[Saved data entries]
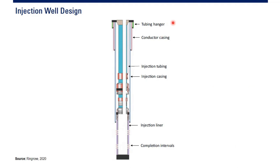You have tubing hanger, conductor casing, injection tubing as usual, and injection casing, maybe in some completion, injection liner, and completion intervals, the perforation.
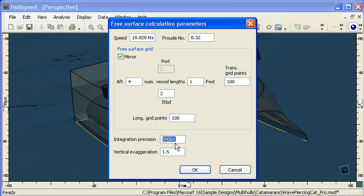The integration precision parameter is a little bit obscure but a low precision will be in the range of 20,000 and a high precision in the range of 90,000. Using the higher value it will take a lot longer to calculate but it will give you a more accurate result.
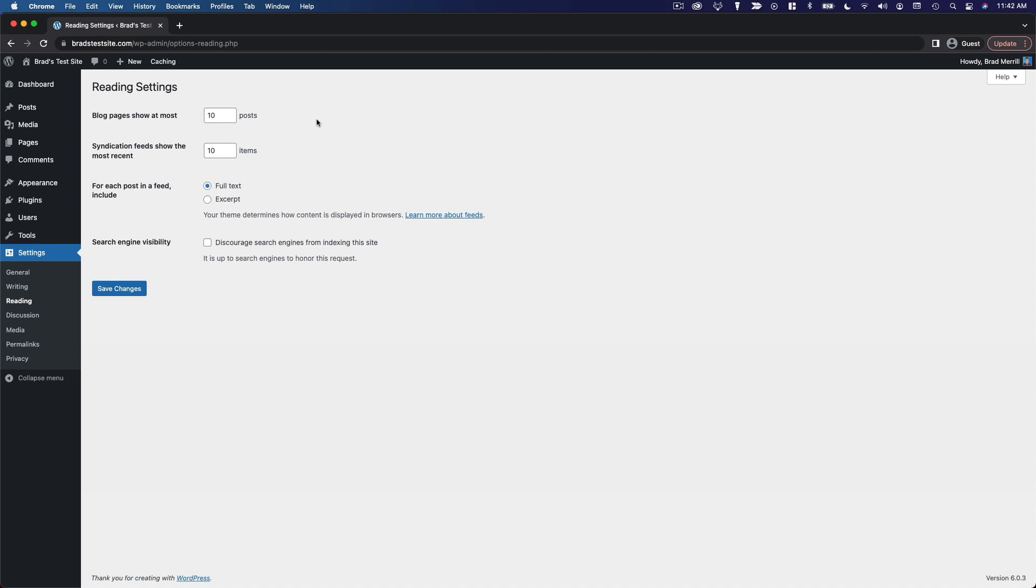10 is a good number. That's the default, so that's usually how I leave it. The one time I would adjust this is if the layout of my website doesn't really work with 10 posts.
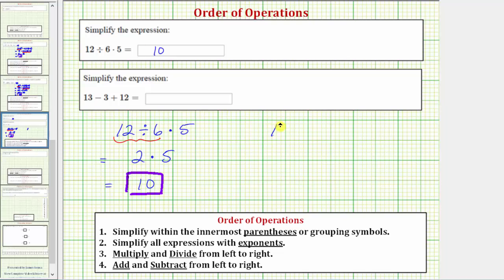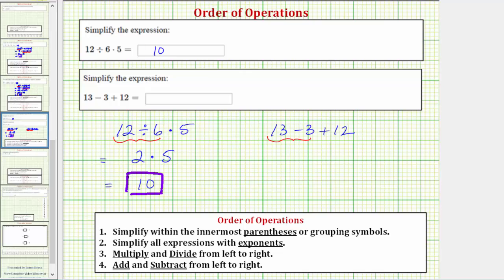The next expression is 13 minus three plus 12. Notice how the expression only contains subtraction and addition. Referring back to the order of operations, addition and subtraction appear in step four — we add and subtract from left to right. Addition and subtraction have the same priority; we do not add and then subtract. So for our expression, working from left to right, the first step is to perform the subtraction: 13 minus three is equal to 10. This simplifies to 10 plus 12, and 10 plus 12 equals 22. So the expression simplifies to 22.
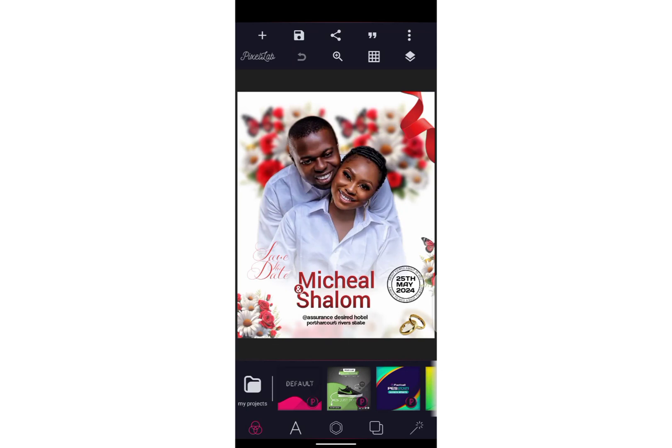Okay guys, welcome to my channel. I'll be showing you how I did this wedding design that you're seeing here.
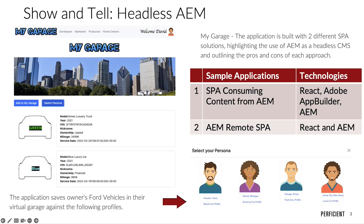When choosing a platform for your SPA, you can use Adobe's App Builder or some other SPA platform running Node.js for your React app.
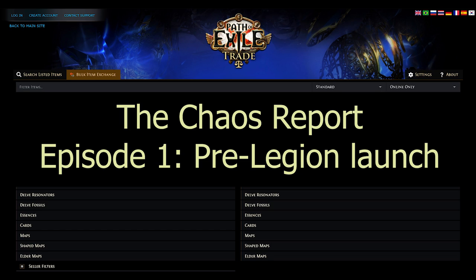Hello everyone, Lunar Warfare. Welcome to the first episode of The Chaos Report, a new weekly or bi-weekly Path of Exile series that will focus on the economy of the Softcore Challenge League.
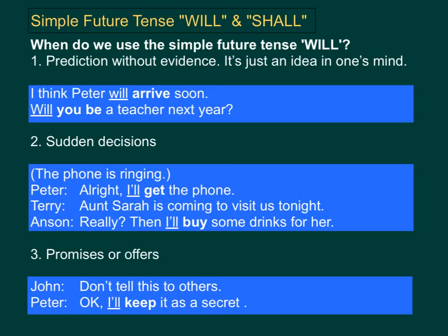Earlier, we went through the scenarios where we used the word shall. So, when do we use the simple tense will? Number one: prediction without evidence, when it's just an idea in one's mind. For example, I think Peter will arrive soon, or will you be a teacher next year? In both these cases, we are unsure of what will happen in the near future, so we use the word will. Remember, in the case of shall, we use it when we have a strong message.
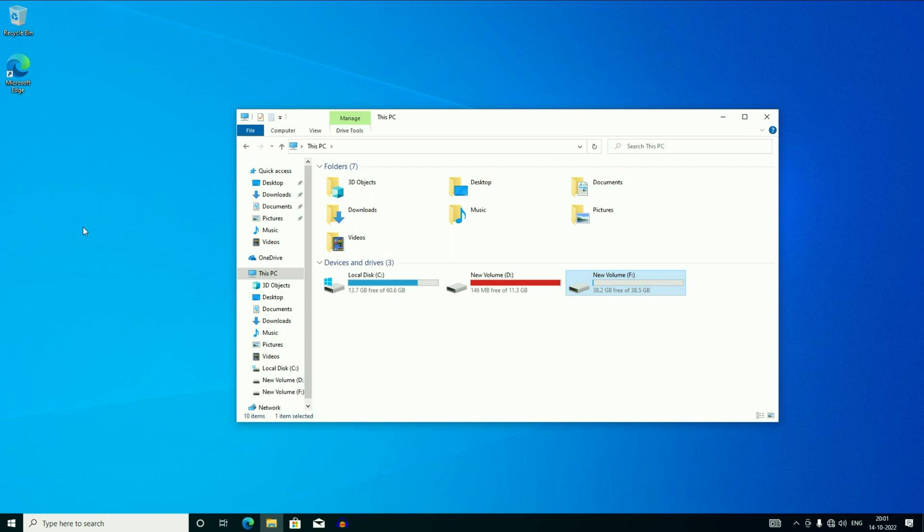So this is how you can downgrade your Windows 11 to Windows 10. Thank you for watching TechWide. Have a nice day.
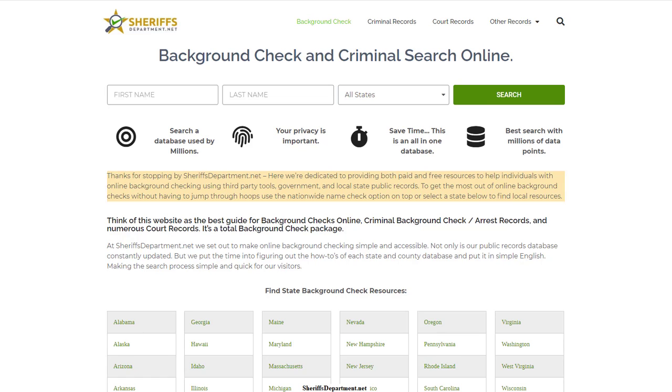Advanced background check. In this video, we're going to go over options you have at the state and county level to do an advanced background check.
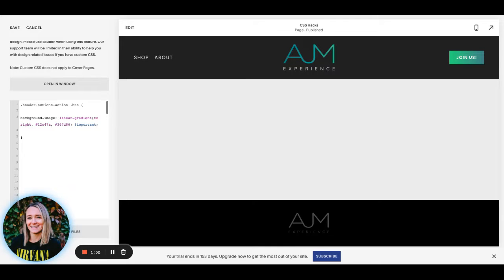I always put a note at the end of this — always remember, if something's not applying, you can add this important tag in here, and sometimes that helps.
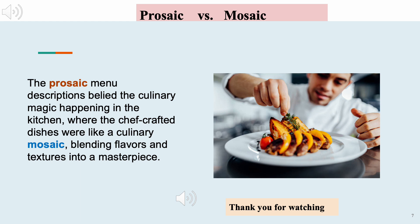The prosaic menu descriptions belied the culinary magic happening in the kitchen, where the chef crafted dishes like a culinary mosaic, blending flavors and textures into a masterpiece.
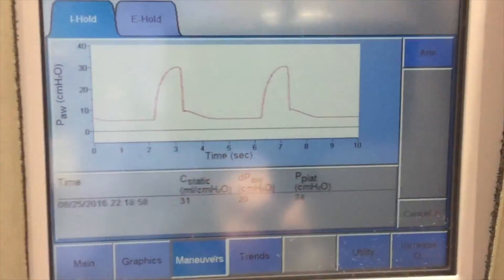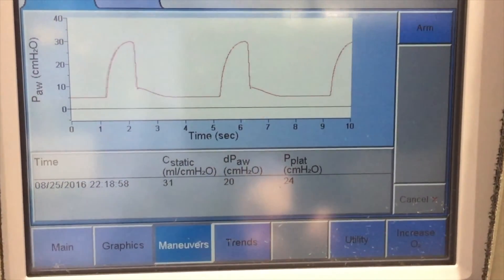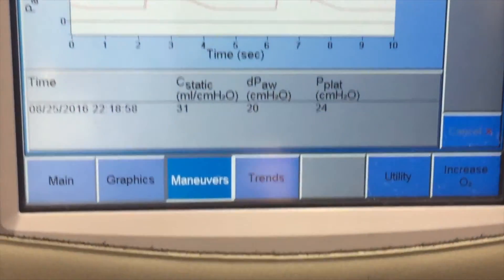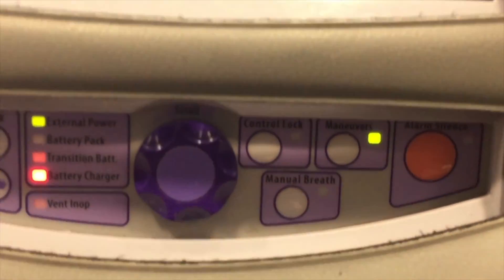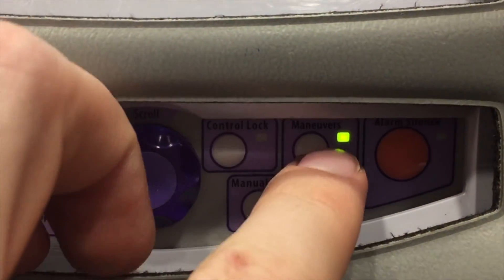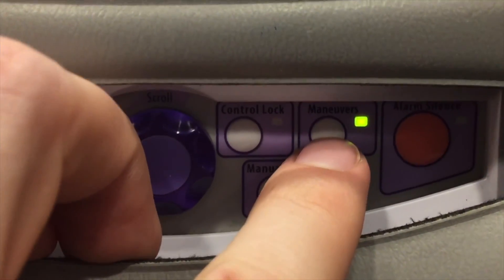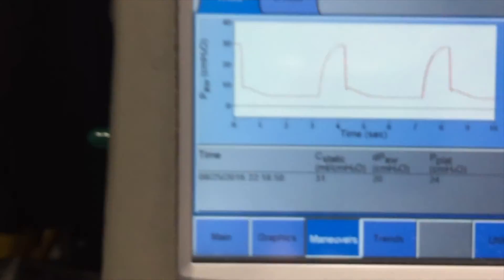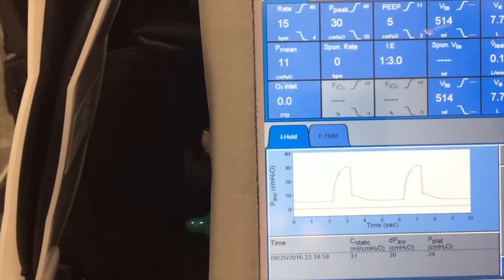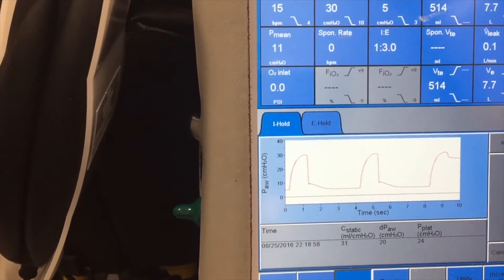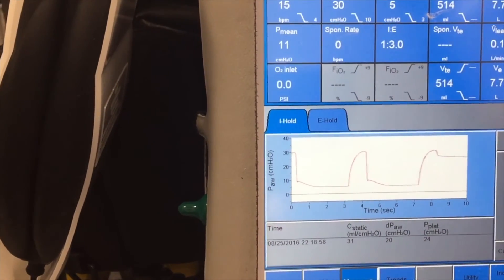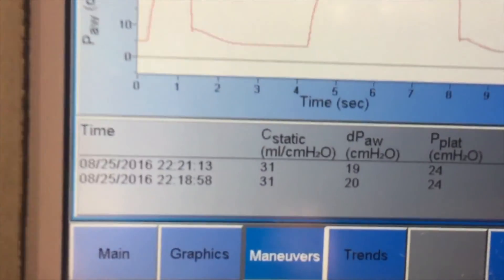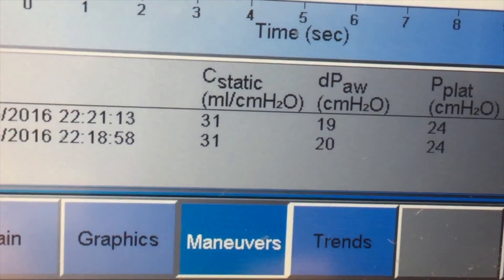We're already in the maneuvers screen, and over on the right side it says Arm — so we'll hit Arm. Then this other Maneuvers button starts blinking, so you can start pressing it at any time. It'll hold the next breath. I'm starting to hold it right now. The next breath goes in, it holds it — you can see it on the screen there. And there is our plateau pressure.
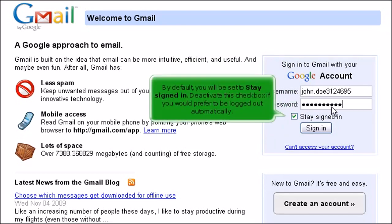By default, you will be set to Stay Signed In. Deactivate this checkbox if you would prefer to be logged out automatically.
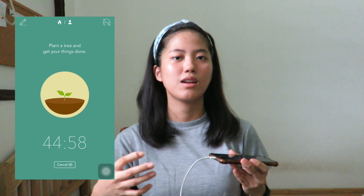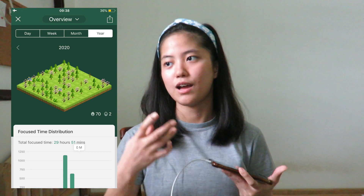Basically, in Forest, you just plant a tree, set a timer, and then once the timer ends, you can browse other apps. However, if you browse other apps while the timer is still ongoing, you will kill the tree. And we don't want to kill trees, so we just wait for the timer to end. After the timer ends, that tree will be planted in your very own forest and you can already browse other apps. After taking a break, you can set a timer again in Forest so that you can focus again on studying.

▶ [Prompt]:
All pictures are to be skipped; the lines from the first line of the records through the line containing "Earlier, we went" are to be repeated exactly, both ends included.

▶ [Task answer]:
You have tubing hanger, conductor casing, injection tubing as usual, and injection casing, maybe in some completion, injection liner, and completion intervals, the perforation.
The integration precision parameter is a little bit obscure but a low precision will be in the range of 20,000 and a high precision in the range of 90,000. Using the higher value it will take a lot longer to calculate but it will give you a more accurate result.
10 is a good number. That's the default, so that's usually how I leave it. The one time I would adjust this is if the layout of my website doesn't really work with 10 posts.
The next expression is 13 minus three plus 12. Notice how the expression only contains subtraction and addition. Referring back to the order of operations, addition and subtraction appear in step four — we add and subtract from left to right. Addition and subtraction have the same priority; we do not add and then subtract. So for our expression, working from left to right, the first step is to perform the subtraction: 13 minus three is equal to 10. This simplifies to 10 plus 12, and 10 plus 12 equals 22. So the expression simplifies to 22.
Okay guys, welcome to my channel. I'll be showing you how I did this wedding design that you're seeing here.
When choosing a platform for your SPA, you can use Adobe's App Builder or some other SPA platform running Node.js for your React app.
Hello everyone, Lunar Warfare. Welcome to the first episode of The Chaos Report, a new weekly or bi-weekly Path of Exile series that will focus on the economy of the Softcore Challenge League.
Earlier, we went through the scenarios where we used the word shall. So, when do we use the simple tense will? Number one: prediction without evidence, when it's just an idea in one's mind. For example, I think Peter will arrive soon, or will you be a teacher next year? In both these cases, we are unsure of what will happen in the near future, so we use the word will. Remember, in the case of shall, we use it when we have a strong message.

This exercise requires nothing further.